Task goal -> Reproduce only this range: the line holding "Tunelski pojav" through the last line of the data below, both included, exactly, with no pictures.

Record extracts ->
=-=-=

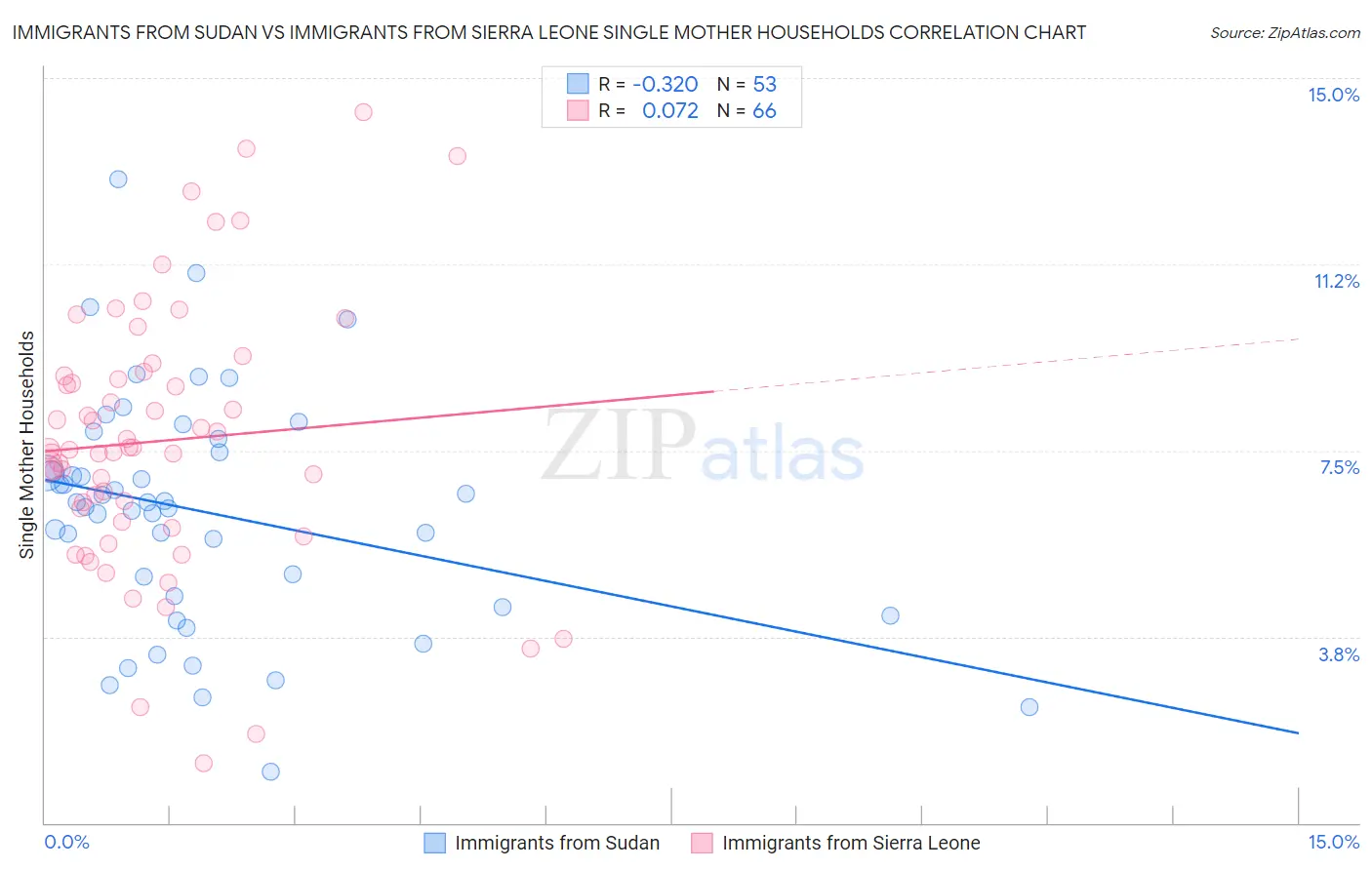 Immigrants from Sudan vs Immigrants from Sierra Leone Single Mother Households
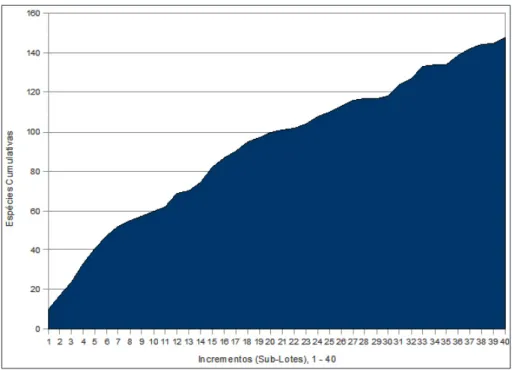 Figura 6 – Curva de espécies por área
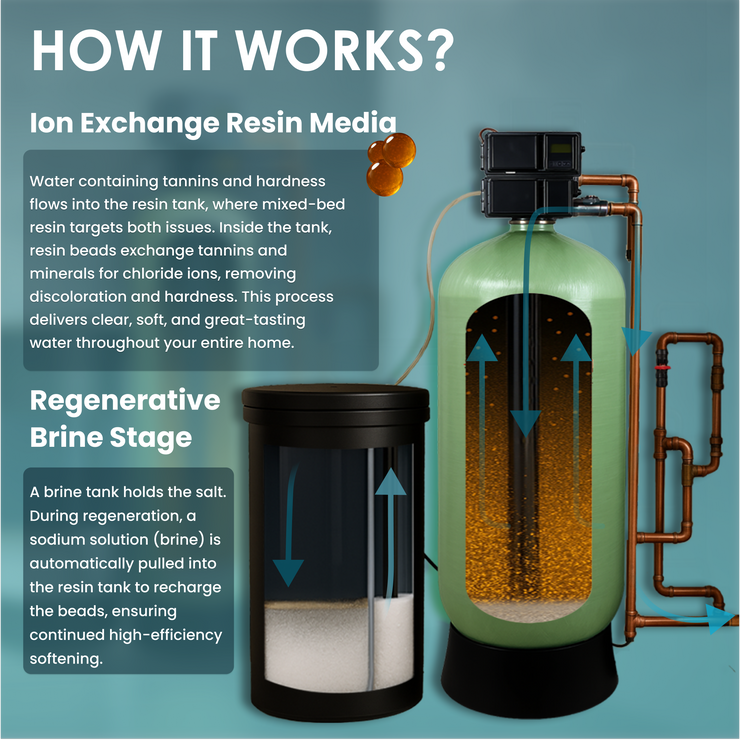 3" Single Tank Commercial Water Softener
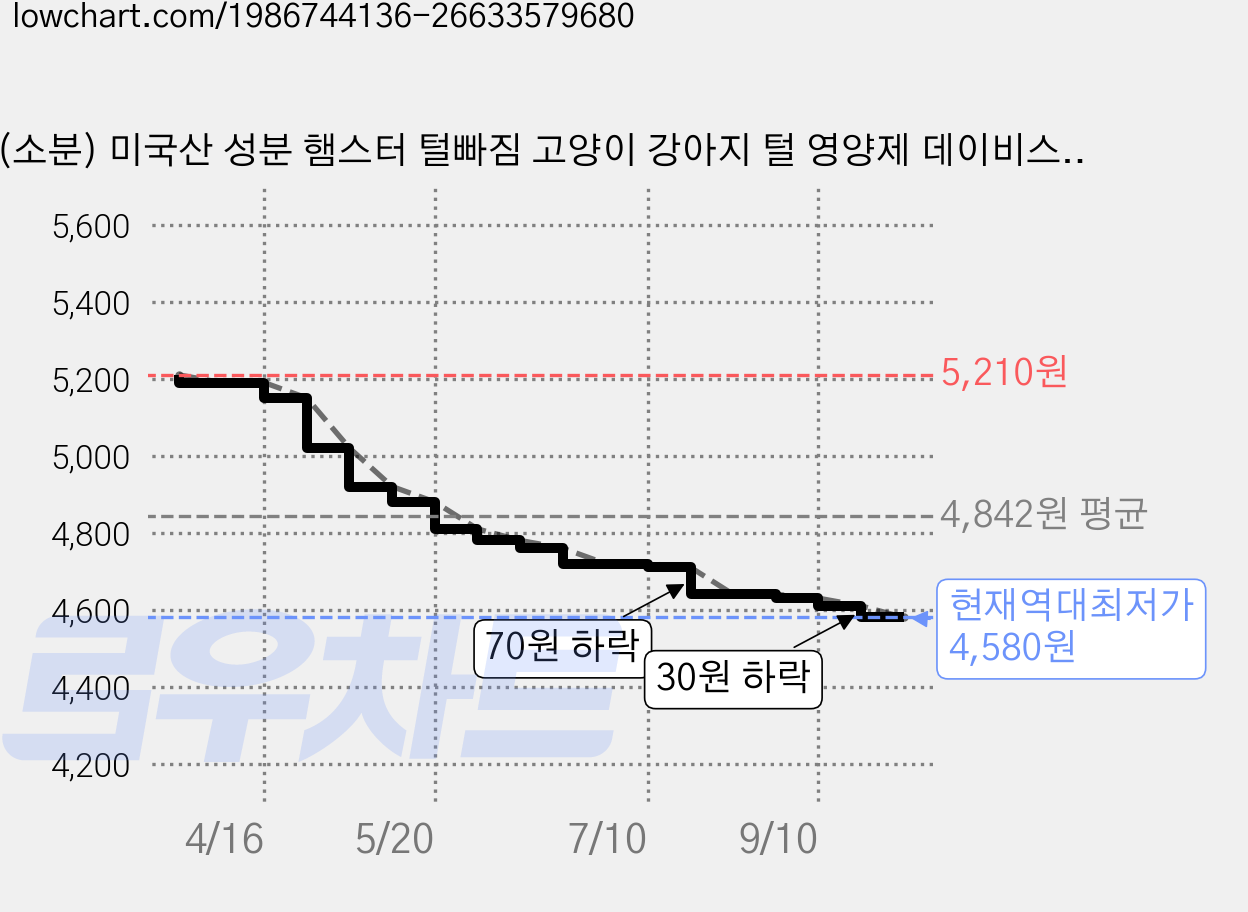 (소분) 미국산 성분 햄스터 털빠짐 고양이 강아지 털 영양제 데이비스 테라코트 소분, 피부/피모, 10g, 1개 가격 변동 차트, 현재가 4,580원, 역대최저가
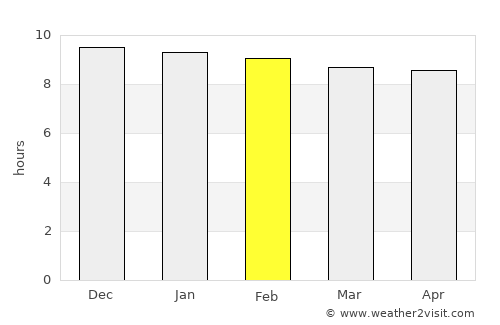 Ratchasan average rain in February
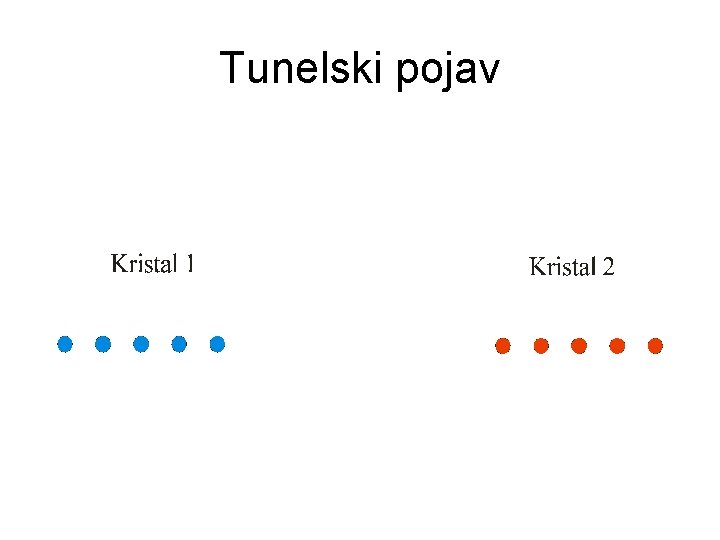 Tunelski pojav 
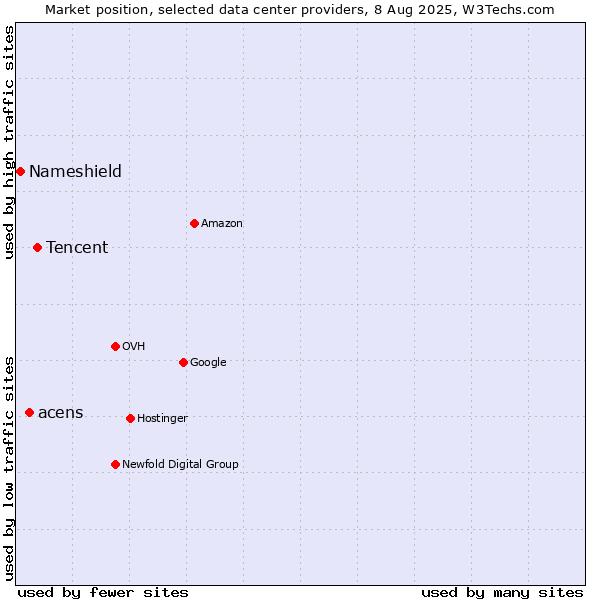 Market position of Tencent vs. acens vs. Nameshield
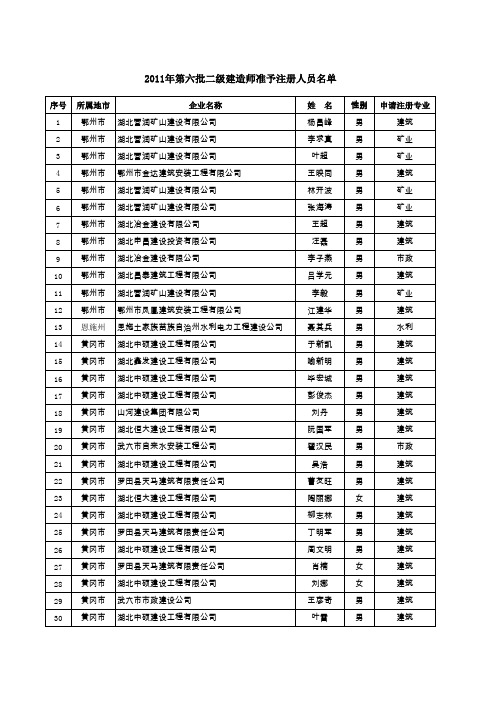 二级建造师名单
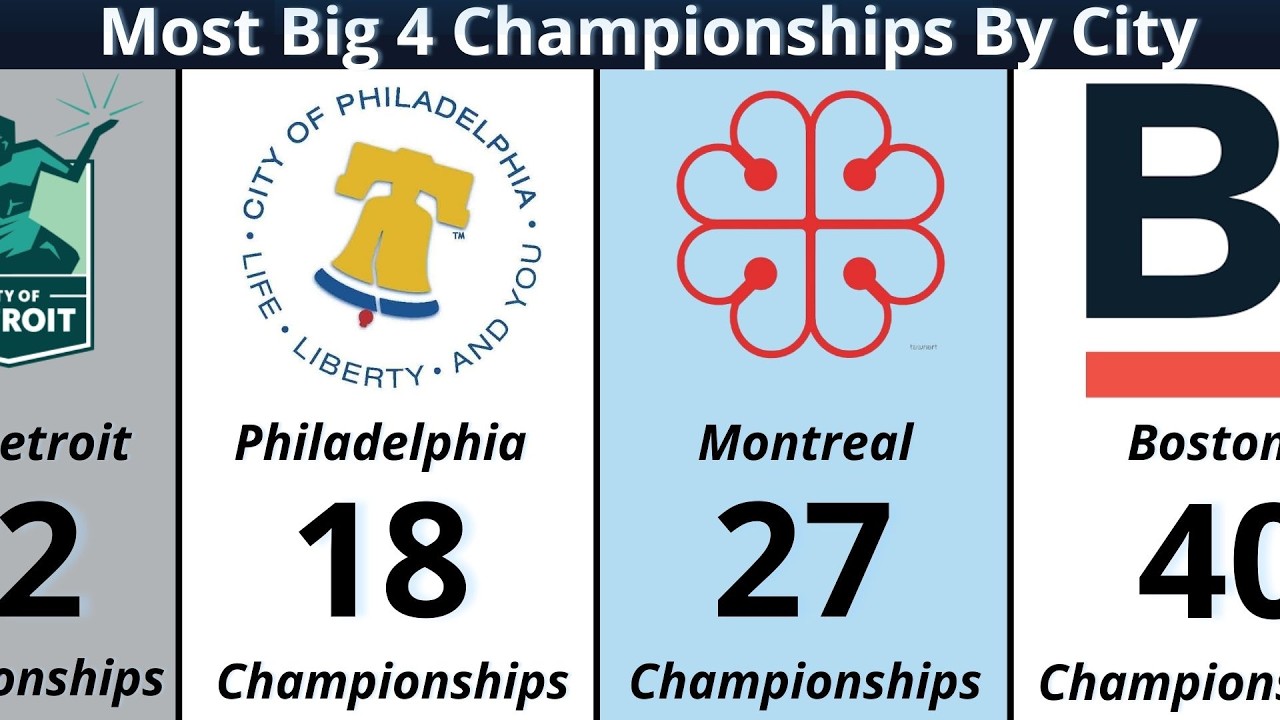 Most Big 4 Championships by City (NFL, NBA, MLB, NHL Ranked)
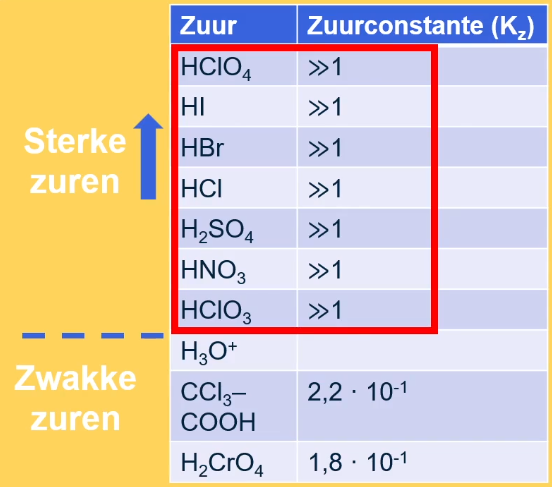 Uitsnede van Binas tabel 49 waarop de formules van zuren en de scheiding tussen sterke en zwakke zuren wordt weergegeven rond H₃ O+.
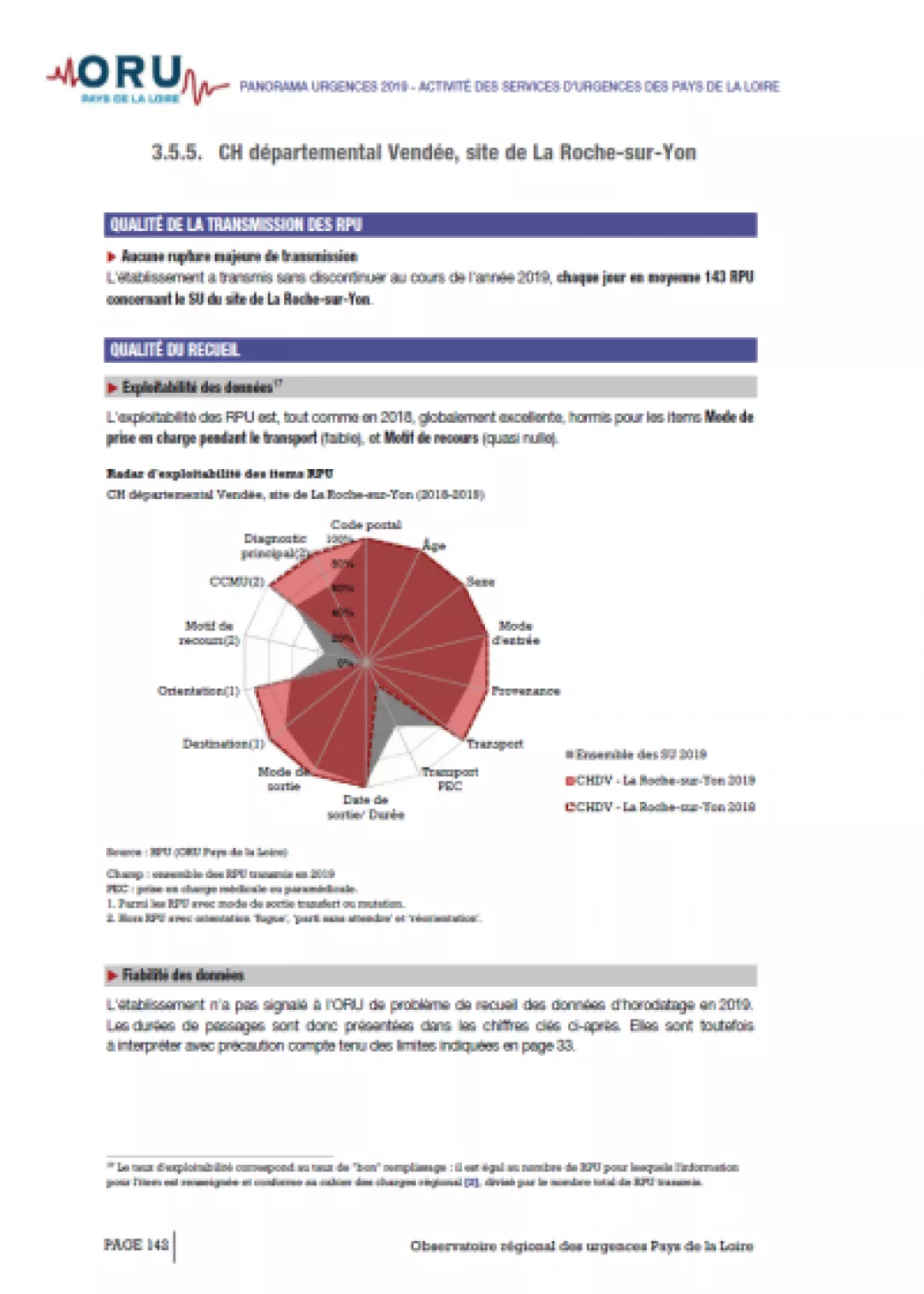 2020_couv_85CHDVLaRochesurYon_PagesSUPanorama2019.png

=-=-=

Result ->
 Tunelski pojav 
 Market position of Tencent vs. acens vs. Nameshield
 二级建造师名单
 Most Big 4 Championships by City (NFL, NBA, MLB, NHL Ranked)
 Uitsnede van Binas tabel 49 waarop de formules van zuren en de scheiding tussen sterke en zwakke zuren wordt weergegeven rond H₃ O+.
 2020_couv_85CHDVLaRochesurYon_PagesSUPanorama2019.png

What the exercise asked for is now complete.